HOW TO COMPLETE THIS TASK: One exact copy of the listing, minus the images, is the required answer.

INFORMATION SHOWN:
........
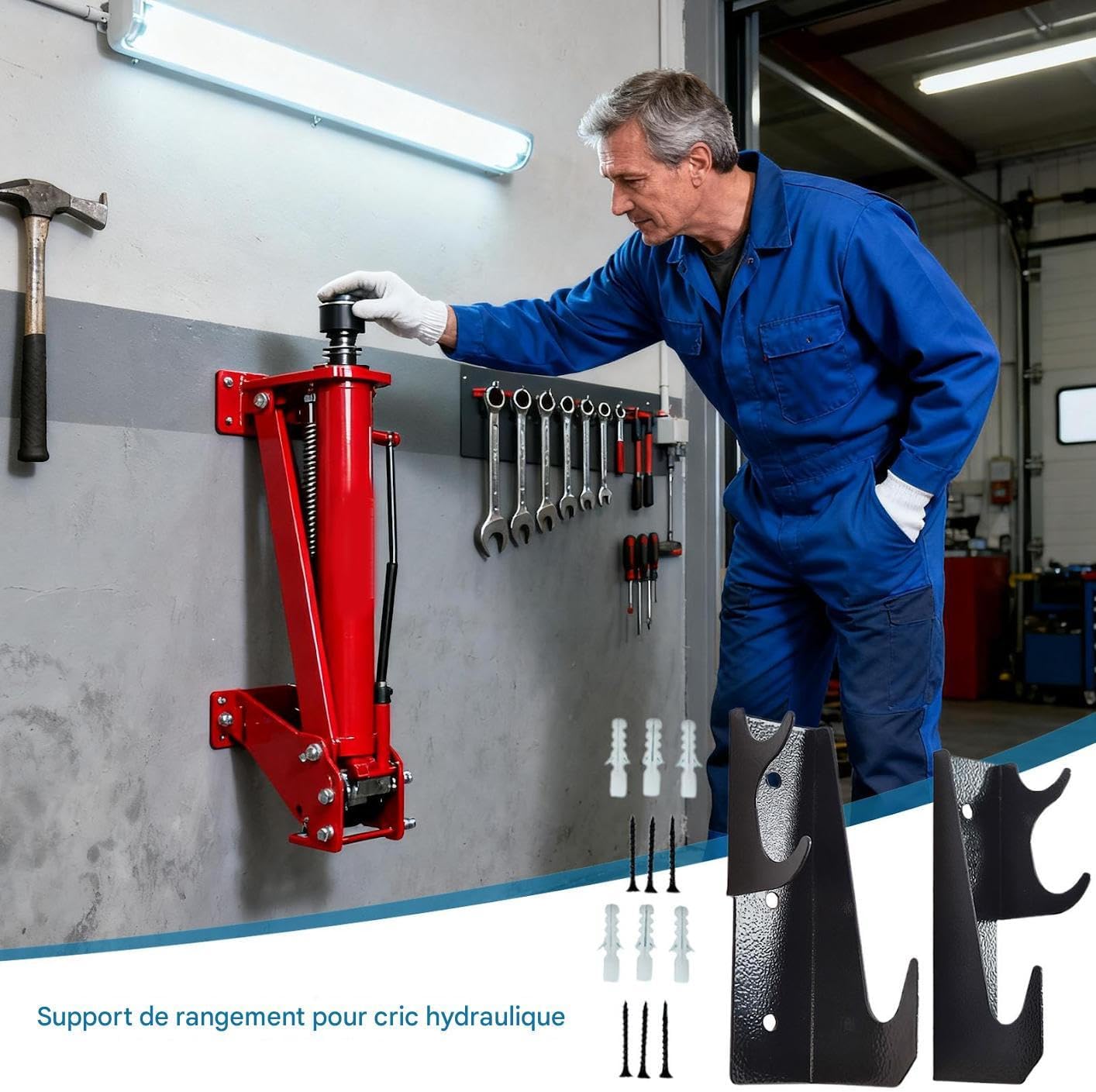  Supports De Cric | Crochets Anti-Dérapants Économie D'Espace,Porte-Supports Pour Cric Hydraulique Roulant,Pour Garage, Atelier De Réparation, Salle D'Outils, Atelier À Domicile, Boutique, Mécaniciens,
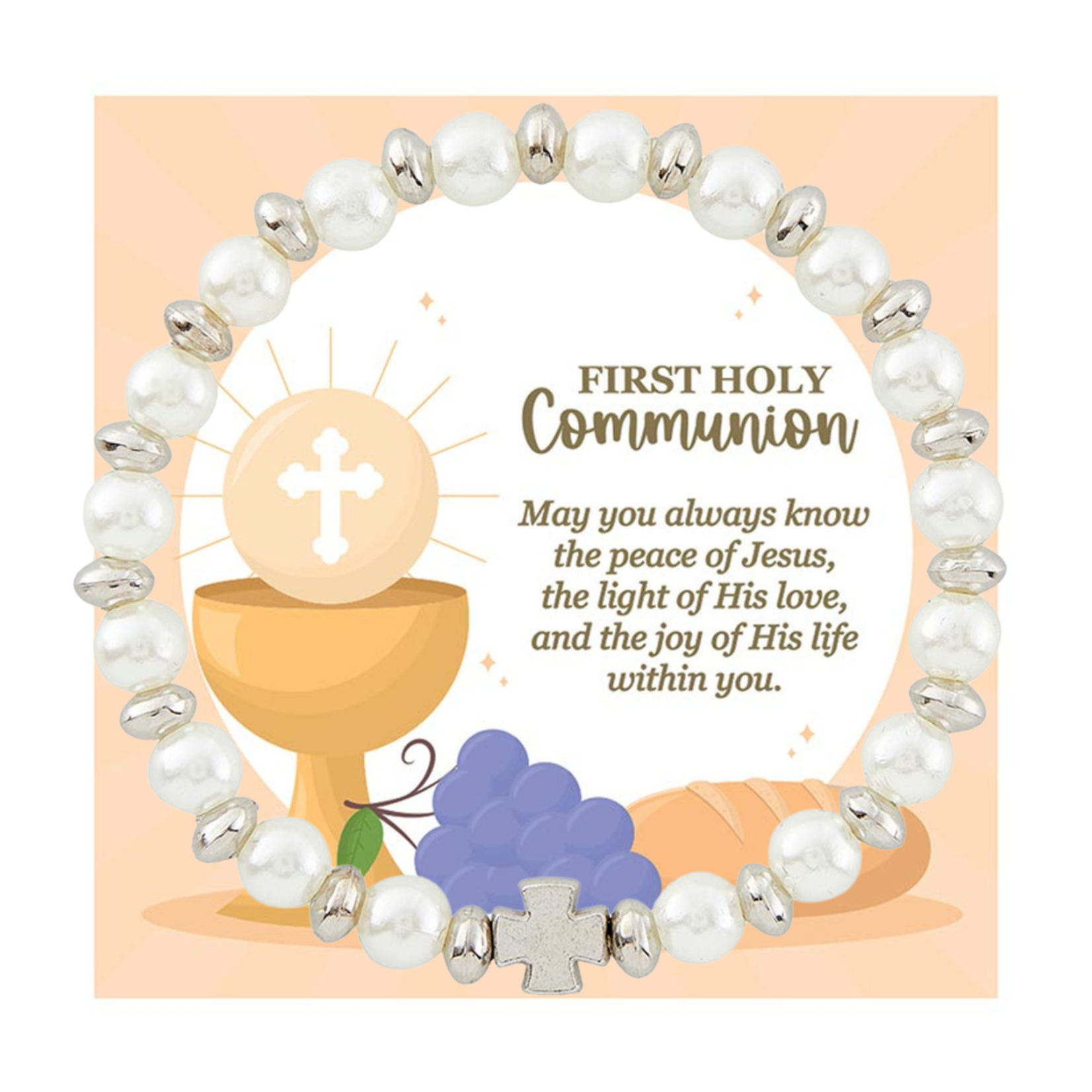 First Communion Stretch Bracelet White
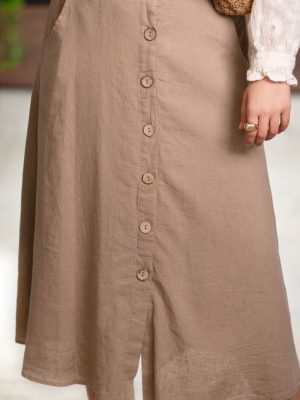 Önü Düğme Detaylı Etek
........
TASK RESULT:
  Supports De Cric | Crochets Anti-Dérapants Économie D'Espace,Porte-Supports Pour Cric Hydraulique Roulant,Pour Garage, Atelier De Réparation, Salle D'Outils, Atelier À Domicile, Boutique, Mécaniciens,
 First Communion Stretch Bracelet White
 Önü Düğme Detaylı Etek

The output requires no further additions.